Goal of the exercise =>
For the entries that follow, restate word for word the line containing "Agra Round Locket", the line containing "PSR Frame Sliders", and every line that lies between them.

Data records =>
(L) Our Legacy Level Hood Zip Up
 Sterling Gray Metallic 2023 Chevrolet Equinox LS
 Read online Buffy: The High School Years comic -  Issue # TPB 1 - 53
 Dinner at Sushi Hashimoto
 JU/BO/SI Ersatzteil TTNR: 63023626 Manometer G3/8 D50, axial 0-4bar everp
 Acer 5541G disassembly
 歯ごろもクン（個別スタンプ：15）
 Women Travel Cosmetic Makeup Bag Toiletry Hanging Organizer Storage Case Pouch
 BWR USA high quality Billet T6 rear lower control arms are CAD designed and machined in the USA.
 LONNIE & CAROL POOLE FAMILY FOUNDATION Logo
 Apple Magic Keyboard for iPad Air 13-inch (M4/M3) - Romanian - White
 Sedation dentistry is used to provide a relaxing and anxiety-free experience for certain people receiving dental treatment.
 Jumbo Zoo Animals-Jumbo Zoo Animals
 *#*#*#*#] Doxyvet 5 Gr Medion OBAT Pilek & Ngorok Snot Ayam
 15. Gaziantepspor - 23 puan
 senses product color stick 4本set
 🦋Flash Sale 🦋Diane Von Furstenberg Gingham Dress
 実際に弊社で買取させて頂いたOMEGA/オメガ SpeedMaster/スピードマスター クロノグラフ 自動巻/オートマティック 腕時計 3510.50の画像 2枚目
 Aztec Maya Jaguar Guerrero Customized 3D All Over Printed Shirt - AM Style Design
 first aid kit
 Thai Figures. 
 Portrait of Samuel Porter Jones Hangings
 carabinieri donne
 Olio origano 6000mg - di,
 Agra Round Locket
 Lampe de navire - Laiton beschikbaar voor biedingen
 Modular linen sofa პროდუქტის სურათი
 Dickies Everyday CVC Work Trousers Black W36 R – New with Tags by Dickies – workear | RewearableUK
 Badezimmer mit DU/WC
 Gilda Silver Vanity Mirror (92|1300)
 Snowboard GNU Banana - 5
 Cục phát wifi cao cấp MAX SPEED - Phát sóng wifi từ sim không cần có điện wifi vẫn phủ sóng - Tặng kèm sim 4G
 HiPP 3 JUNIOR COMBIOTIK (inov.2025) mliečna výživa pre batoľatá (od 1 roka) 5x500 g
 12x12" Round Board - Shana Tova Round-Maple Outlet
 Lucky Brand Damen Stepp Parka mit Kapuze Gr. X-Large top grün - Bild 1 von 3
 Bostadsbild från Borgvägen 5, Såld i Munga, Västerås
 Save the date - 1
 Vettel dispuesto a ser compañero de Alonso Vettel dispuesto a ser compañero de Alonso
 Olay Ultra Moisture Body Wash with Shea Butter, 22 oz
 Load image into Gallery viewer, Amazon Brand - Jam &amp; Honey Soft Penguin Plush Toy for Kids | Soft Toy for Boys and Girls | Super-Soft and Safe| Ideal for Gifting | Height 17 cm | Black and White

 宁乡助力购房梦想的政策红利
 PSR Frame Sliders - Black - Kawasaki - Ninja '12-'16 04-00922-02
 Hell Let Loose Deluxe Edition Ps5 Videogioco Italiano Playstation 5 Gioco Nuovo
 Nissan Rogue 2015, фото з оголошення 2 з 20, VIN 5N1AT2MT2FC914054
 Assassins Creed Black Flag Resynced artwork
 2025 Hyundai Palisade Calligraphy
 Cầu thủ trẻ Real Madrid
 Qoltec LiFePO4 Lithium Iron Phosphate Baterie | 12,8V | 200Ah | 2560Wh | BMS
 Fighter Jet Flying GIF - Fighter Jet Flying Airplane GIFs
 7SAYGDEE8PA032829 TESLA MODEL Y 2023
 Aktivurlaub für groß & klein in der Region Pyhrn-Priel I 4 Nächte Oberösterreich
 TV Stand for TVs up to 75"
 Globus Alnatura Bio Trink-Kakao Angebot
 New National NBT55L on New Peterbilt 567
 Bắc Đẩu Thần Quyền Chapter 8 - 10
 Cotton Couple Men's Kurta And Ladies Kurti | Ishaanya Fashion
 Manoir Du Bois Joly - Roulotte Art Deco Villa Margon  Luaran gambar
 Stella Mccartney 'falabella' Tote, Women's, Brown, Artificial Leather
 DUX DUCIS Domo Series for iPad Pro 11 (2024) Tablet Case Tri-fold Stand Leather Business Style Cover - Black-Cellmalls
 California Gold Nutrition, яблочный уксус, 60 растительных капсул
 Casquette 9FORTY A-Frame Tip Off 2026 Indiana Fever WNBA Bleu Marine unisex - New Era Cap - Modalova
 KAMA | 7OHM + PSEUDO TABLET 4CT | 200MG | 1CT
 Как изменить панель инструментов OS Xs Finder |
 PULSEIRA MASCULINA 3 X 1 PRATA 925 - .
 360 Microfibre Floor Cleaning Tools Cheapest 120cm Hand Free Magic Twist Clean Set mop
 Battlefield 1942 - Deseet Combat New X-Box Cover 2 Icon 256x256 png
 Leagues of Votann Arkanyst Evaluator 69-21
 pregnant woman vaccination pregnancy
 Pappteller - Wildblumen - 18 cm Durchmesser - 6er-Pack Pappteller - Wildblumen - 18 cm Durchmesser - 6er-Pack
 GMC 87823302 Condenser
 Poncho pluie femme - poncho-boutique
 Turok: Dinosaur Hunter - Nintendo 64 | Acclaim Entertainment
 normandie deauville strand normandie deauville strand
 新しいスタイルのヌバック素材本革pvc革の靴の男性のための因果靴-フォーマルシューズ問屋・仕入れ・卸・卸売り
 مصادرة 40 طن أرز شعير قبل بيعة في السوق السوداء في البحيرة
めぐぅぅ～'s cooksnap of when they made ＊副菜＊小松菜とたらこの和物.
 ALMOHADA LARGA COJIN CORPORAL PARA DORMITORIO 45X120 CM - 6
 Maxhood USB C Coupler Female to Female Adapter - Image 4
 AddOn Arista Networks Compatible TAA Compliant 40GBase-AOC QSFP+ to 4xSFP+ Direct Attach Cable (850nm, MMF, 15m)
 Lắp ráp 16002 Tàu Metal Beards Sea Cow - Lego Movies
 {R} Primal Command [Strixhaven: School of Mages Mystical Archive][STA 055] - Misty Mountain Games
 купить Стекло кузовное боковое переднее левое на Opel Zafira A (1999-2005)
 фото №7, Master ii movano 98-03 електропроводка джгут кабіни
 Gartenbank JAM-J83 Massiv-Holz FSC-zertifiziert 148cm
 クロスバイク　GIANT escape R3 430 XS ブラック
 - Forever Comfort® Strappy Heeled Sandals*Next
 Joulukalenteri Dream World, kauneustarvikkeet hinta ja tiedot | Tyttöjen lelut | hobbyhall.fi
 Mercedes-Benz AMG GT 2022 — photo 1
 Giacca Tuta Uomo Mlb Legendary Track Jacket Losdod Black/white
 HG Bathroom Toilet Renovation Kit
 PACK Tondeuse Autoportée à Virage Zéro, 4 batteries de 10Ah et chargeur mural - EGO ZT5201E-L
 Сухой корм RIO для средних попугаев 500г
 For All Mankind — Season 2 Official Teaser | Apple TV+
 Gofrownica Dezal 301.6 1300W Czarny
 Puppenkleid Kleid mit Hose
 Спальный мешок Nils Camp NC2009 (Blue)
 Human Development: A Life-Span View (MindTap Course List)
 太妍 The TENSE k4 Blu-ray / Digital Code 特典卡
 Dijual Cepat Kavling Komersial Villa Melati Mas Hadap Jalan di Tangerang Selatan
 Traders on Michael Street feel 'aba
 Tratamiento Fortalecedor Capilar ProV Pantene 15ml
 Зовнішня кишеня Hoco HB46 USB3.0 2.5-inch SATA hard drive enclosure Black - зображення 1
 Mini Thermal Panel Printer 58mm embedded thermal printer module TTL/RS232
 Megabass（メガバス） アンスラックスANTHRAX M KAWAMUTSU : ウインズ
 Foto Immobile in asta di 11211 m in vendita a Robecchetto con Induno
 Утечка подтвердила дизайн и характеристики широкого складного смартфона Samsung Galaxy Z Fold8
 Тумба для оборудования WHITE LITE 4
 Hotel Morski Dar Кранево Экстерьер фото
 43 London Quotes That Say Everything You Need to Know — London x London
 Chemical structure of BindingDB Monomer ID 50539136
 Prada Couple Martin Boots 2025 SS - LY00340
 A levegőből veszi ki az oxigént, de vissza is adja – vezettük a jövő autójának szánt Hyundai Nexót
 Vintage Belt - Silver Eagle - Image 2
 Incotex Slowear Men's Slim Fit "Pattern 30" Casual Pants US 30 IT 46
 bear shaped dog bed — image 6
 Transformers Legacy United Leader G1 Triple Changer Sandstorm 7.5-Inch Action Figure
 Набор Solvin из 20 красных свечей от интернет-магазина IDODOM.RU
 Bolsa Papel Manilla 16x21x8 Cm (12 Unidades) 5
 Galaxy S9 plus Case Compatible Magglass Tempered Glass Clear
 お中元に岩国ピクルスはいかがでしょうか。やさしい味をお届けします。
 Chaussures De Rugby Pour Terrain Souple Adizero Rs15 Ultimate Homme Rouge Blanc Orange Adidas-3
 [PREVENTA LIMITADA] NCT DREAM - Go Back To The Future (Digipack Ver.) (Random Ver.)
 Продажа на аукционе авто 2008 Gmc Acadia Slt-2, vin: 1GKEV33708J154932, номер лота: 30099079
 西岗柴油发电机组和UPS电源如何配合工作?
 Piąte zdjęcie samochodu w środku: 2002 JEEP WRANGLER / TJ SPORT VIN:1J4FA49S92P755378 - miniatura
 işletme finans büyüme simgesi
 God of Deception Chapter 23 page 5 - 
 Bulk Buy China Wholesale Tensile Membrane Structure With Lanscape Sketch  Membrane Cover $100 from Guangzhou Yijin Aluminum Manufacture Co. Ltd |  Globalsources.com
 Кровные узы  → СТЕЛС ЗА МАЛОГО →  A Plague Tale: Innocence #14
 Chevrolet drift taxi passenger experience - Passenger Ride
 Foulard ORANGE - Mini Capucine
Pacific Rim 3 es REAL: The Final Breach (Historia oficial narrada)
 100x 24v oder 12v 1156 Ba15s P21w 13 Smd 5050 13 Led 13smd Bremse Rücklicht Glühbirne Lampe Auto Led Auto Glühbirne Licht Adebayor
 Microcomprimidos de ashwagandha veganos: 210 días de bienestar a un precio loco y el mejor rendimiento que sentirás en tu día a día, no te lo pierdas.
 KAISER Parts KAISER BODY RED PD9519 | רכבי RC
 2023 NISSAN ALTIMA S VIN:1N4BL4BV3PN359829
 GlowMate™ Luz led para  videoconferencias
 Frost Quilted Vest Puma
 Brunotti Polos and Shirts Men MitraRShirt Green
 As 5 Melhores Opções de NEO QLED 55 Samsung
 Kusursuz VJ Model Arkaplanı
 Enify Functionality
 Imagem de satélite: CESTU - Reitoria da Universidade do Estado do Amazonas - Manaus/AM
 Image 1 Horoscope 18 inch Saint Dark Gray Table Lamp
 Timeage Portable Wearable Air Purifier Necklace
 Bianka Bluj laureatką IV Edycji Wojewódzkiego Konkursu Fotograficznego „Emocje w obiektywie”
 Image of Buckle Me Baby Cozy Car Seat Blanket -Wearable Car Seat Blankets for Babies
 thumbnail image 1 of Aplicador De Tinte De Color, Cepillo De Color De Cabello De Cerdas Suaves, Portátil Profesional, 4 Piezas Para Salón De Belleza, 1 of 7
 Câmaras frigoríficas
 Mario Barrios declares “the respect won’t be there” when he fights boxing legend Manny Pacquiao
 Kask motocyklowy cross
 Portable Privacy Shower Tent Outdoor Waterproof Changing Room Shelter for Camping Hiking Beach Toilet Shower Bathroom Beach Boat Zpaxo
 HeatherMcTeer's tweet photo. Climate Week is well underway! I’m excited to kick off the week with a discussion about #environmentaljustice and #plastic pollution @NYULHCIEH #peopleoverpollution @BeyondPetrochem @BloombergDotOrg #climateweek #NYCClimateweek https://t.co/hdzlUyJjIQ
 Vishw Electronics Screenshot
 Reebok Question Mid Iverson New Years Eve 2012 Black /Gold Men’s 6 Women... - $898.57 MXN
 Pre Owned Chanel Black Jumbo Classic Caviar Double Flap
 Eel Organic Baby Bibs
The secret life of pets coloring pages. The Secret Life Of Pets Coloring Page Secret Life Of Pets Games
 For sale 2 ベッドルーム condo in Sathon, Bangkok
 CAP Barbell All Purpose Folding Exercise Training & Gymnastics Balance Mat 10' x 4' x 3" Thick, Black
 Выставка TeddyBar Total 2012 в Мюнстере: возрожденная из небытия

Written solution =>
 Agra Round Locket
 Lampe de navire - Laiton beschikbaar voor biedingen
 Modular linen sofa პროდუქტის სურათი
 Dickies Everyday CVC Work Trousers Black W36 R – New with Tags by Dickies – workear | RewearableUK
 Badezimmer mit DU/WC
 Gilda Silver Vanity Mirror (92|1300)
 Snowboard GNU Banana - 5
 Cục phát wifi cao cấp MAX SPEED - Phát sóng wifi từ sim không cần có điện wifi vẫn phủ sóng - Tặng kèm sim 4G
 HiPP 3 JUNIOR COMBIOTIK (inov.2025) mliečna výživa pre batoľatá (od 1 roka) 5x500 g
 12x12" Round Board - Shana Tova Round-Maple Outlet
 Lucky Brand Damen Stepp Parka mit Kapuze Gr. X-Large top grün - Bild 1 von 3
 Bostadsbild från Borgvägen 5, Såld i Munga, Västerås
 Save the date - 1
 Vettel dispuesto a ser compañero de Alonso Vettel dispuesto a ser compañero de Alonso
 Olay Ultra Moisture Body Wash with Shea Butter, 22 oz
 Load image into Gallery viewer, Amazon Brand - Jam &amp; Honey Soft Penguin Plush Toy for Kids | Soft Toy for Boys and Girls | Super-Soft and Safe| Ideal for Gifting | Height 17 cm | Black and White

 宁乡助力购房梦想的政策红利
 PSR Frame Sliders - Black - Kawasaki - Ninja '12-'16 04-00922-02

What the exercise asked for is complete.